This actually follows on from a previous question I had that, unfortunately, did not receive any answers so I'm not exactly holding my breath for a response but I understand this can be a bit of a tricky issue to solve.
I am currently trying to implement rate limiting on outgoing requests to an external API to match the limit on their end. I have tried to implement a token bucket library (https://github.com/bandwidth-throttle/token-bucket) into the class we are using to manage Guzzle requests for this particular API.
Initially, this seemed to be working as intended but we have now started seeing 429 responses from the API as it no longer seems to be correctly rate limiting the requests.
I have a feeling what is happening is that the number of tokens in the bucket is now being reset every time the API is called due to how Symfony handles services.
I am setting currently setting up the bucket location, rate and starting amount in the service's constructor:
public function __construct()
{
$storage = new FileStorage(__DIR__ . "/api.bucket");
$rate = new Rate(50, Rate::MINUTE);
$bucket = new TokenBucket(50, $rate, $storage);
$this->consumer = new BlockingConsumer($bucket);
$bucket->bootstrap(50);
}
I'm then attempting to consume a token before each request:
public function fetch(): array
{
try {
$this->consumer->consume(1);
$response = $this->client->request(
'GET', $this->buildQuery(), [
'query' => array_merge($this->params, ['api_key' => $this->apiKey]),
'headers' => [ 'Content-type' => 'application/json' ]
]
);
} catch (ServerException $e) {
// Process Server Exception
} catch (ClientException $e) {
// Process Client Exception
}
return $this->checkResponse($response);
}
I can't see anything obvious in that, that would allow it to request more than 50 times per minute unless the amount of available tokens was being reset on each request.

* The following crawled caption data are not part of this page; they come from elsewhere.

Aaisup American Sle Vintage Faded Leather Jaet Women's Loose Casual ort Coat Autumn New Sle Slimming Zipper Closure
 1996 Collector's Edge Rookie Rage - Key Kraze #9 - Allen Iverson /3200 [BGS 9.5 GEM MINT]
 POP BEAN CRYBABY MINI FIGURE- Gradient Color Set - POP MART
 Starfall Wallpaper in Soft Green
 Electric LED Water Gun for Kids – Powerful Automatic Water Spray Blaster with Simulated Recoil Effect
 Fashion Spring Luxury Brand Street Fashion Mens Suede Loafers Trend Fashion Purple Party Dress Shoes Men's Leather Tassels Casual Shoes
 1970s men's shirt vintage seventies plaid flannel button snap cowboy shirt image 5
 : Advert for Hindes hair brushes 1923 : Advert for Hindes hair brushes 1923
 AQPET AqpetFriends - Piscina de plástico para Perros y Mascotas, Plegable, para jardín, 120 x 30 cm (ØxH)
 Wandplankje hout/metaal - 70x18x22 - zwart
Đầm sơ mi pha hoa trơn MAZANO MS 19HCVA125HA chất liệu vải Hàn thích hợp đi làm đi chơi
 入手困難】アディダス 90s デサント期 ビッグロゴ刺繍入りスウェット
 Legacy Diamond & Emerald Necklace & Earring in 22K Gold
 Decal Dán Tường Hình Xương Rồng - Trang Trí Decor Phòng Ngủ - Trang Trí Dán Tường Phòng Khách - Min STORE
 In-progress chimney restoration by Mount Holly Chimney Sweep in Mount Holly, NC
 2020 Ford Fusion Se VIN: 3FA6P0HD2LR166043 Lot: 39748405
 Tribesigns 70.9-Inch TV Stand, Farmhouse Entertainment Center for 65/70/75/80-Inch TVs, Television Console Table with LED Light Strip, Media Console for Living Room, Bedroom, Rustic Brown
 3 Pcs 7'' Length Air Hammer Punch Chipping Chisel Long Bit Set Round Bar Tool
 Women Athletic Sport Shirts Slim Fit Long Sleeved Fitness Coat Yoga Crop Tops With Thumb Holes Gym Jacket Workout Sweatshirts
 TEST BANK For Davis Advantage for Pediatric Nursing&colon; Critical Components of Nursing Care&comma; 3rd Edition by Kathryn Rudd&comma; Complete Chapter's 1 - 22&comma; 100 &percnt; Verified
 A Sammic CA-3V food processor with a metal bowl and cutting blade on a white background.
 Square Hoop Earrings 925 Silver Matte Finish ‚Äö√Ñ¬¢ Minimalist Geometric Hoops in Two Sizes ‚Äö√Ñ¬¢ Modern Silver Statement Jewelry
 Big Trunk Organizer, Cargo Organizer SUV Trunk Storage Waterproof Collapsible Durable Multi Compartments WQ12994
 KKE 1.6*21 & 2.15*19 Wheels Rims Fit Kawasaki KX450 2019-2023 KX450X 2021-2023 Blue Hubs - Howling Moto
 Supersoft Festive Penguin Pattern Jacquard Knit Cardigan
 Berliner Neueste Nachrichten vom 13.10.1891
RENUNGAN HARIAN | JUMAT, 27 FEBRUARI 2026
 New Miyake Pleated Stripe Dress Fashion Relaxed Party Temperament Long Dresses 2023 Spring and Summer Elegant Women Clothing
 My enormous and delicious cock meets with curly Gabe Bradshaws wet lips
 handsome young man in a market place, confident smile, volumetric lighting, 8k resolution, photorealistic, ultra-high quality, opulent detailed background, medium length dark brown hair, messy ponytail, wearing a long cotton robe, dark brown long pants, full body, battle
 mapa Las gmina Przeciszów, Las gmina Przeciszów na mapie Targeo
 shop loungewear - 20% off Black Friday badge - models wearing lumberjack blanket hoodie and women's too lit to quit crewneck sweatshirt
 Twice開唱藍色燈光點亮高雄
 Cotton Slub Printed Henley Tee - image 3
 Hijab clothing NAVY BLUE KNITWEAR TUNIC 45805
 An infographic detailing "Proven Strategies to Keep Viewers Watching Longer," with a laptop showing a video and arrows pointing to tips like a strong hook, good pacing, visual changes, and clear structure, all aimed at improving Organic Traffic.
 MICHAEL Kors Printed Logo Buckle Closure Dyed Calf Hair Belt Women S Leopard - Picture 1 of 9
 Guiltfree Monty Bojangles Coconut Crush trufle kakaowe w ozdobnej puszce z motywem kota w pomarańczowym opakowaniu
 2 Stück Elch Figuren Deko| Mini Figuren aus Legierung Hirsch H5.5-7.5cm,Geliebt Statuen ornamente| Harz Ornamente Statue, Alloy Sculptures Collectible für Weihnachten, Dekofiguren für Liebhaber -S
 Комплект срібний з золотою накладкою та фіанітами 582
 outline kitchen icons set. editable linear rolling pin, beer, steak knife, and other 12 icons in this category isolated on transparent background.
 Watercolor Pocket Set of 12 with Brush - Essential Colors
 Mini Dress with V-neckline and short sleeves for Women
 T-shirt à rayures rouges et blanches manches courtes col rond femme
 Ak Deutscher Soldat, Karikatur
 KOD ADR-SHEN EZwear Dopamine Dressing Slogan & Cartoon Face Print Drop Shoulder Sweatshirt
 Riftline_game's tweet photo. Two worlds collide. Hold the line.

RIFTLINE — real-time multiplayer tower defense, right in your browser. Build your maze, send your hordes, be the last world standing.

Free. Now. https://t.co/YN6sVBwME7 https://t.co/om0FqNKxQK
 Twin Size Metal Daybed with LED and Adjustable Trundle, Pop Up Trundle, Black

This is being supplied to a set of repository services that handle converting the data from each endpoint into objects used within the system. Consumers use the appropriate repository to request the data needed to complete their process.
If the amount of tokens is being reset by the bootstrap function being in service constructor, where should it be moved to within the Symfony framework that would still work with consumers?
I assume that it should work, but maybe try to move the ->bootstrap(50) call from every request? Not sure, but it can be the reason.
Anyway it's better to do that only once, as a part of your deployment (every time you deploy a new version). It doesn't have anything with Symfony, really, because the framework doesn't have any restrictions on deployment procedure. So it depends on how you do the deployment.
P.S. Have you considered to just handle 429 errors from the server? IMO you can wait (that's what BlockingConsumer does inside) when you receive 429 error. It's simpler and doesn't require an additional layer in your system.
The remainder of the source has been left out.